Coda’s first battery packs will store about 34 kilowatt-hours of electricity and will be made up of 728 battery cells with lithium iron phosphate battery electrodes, which are known to be safer than conventional lithium-ion electrodes. (Chrysler and BYD, another Chinese automaker, plan to use the same chemistry as Coda.) The cells are packaged inside rigid metal containers, which could prove more durable than the flexible pouches being used in battery packs being developed for electrically driven cars by GM and Chrysler, according to Vince Yavoli, president of one of Coda’s partners, Yardney Technical Products, based in Pawcatuck, CT. Czinger says that the packs can be completely charged and discharged at least 1,500 times, and will come with an eight-year, 100,000-mile warranty.

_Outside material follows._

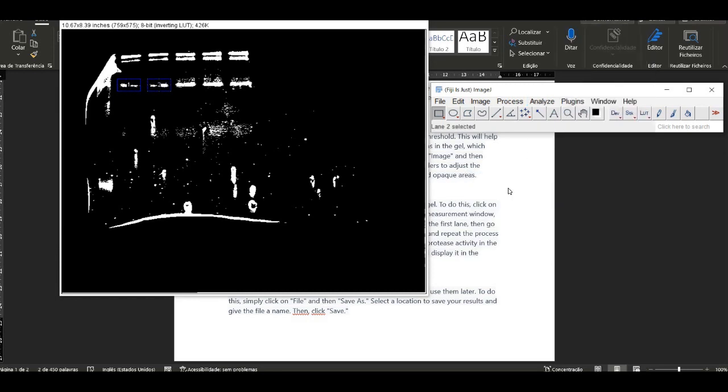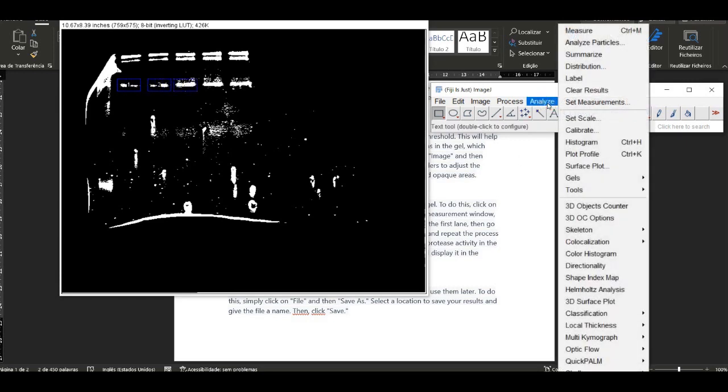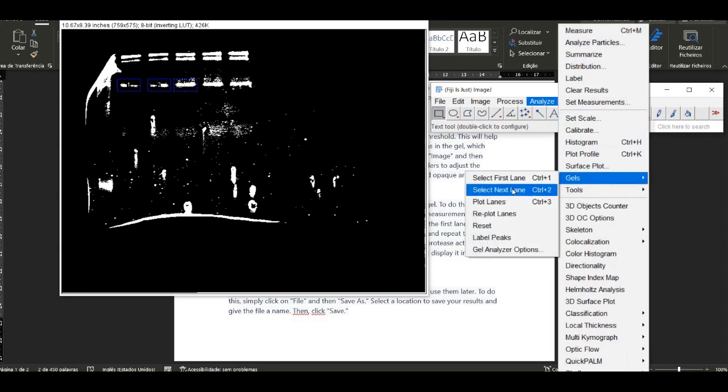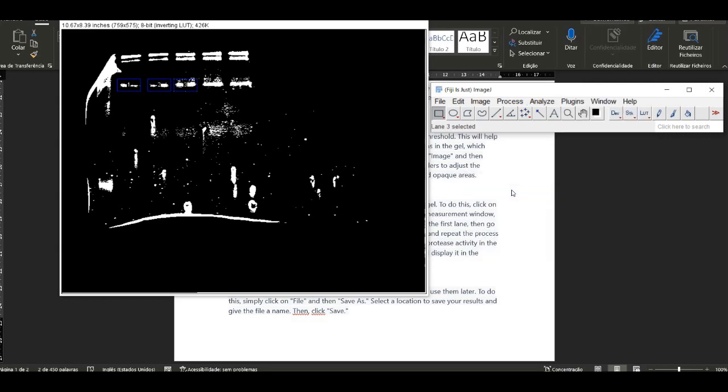The next step is to measure the areas of protease activity in the gel. Click on the Measure button in the ImageJ toolbar. This will open the measurement window, where you can select the gel.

The first battery cells and packs will be built in China, but Coda and Yardney have applied for funds from this year’s federal stimulus package to build a battery factory in the United States. Yardney is a longtime battery supplier to the U.S. military, and the maker of the batteries that power the Mars rovers. Yavoli says that the company has developed proprietary electrolyte additives that can improve the performance of lithium-ion batteries at extreme temperatures for future versions of the battery pack. Czinger says that this and other enhancements could help increase the number of cycles that the battery will last.
However, some experts are skeptical that Coda will be a success. If the Coda sedan sells for $35,000 after government incentives, that’s still $15,000 more than a comparable gas-powered sedan. According to market-research firm Synovate, very few people are willing to spend more than $6,000 more than a conventional vehicle for an electric car, even if the car could save thousands more in reduced maintenance and fuel costs. (Coda claims that the car will save about $10,000 in five years.) Tim Englehart, vice president at Synovate, estimates that the market for cars with more than this premium is “in this economy, maybe, if you’re lucky, a couple of hundred.”
What’s more, Englehart says, “by the time it comes out, there’s going to be quite a lot of competition out there.” Major companies such as GM, Ford, Chrysler, Nissan, Mitsubishi, and Subaru have announced plans for electric vehicles and plug-in hybrids, which use little to no gasoline for daily commuting. GM’s Volt plug-in hybrid, for example, is slated to go on sale in November 2010. Smaller companies such as Tesla Motors, which already makes an electric sports car, and Fisker Automotive will also begin offering luxury electrically powered sedans soon, with Fisker’s plug-in hybrid due out later this year. These luxury electric vehicles may do better than Coda’s sedan, because their price should be closer to that of similar conventional luxury vehicles, Englehart says. Alternatively, many customers may be drawn to Toyota’s gas-electric hybrid, which uses very little gasoline and sells for about $20,000, says Menahem Anderman, an automotive battery industry analyst. Englehart says that Coda could have a better chance at success if it sells its battery packs to established car makers, or sells its cars under the name of another, more recognized, automaker.